I’ve been avoiding my little text adventure tutorial because the next bit is quite a bit of work. But I’m gonna make a start on that today by talking a bit about doors. Liz England has a great post about door in games that’s well worth reading. For the sake of our text adventure we’ll define doors for ourselves.
Basically a door is any kind of barrier the player has to overcome. In our case we’re going to be implementing a literal door, in this case a cell door. But we’re gonna do it in a way that we can implement as many doors as we like using the same code. No point programing a one off event for something as important as this!

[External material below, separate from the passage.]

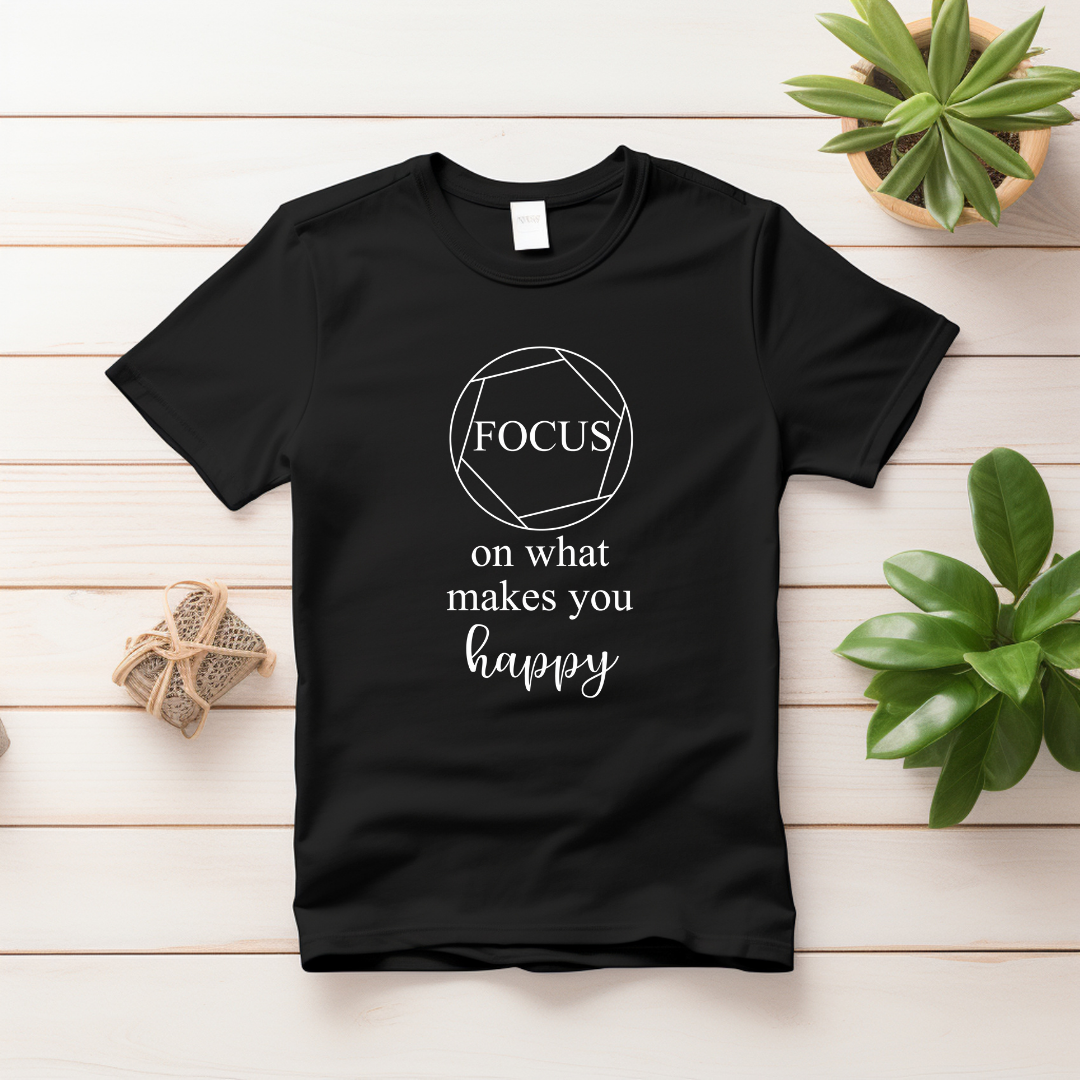 focus on what makes you happy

In the context of our map it’s going to have two locations, one in each room that it links. That means it potentially need two descriptions, one from each side, especially if it has a window, or is a cell door made of bars like in the old westerns, or some dungeons. The door itself might need a more detailed description, but we can use examination for that. To give clues as to how it might be opened. Of course a variable to tell us if it is locked, or opened would also be useful if it’s going to take a puzzle to open it. And since this is an adventure game, it wouldn’t be right to have a door that opens without having to solve a puzzle first. Our door structure then, will look something like this:
- Description Closed 1 – string
- Description Closed 2 – string
- Description Open 1 – string
- Description Open 2 – string
- On Examination – string
- Location 1 – int
- Location 2 – int
- Is Open – bool
- Is locked – bool
- Word – string
- Code – int
As you can see the humble Door is a bit more complicated than you might have thought. Even with that we’re probably no encapsulating all the data we need to have an effective door but that should be enough for the moment.

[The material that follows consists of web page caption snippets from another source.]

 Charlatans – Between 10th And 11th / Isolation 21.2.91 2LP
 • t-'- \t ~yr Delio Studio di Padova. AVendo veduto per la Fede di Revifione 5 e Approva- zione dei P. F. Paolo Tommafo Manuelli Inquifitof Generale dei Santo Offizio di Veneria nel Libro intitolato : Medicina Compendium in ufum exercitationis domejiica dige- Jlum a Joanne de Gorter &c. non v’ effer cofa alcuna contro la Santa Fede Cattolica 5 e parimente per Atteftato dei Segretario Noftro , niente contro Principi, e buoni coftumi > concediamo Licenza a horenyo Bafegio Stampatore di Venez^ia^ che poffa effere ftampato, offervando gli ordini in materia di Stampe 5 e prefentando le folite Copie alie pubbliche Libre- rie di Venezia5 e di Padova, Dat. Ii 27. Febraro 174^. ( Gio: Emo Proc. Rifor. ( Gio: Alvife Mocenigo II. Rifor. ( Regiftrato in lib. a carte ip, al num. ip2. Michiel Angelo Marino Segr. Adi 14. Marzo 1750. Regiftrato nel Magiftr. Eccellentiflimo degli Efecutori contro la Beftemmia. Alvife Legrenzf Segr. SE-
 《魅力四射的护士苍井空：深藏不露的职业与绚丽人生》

The next step will be expanding out parser to take into account of the new structure. This isn’t a difficult task but it will be time consuming as we will have to update all the actions to account for doors as well as adding this new word type to the command list. So just a bit more housekeeping than usual.
I’ve split this into two parts due to the usual time constraints, but part 2 won’t be as long coming as part 1 was. Because it’s been something I’ve been avoiding I’m making a concerted effort to get through this part so we can get on to more interesting stuff! Thanks for sticking with the series so far, I really hope you’ve gotten something out of it.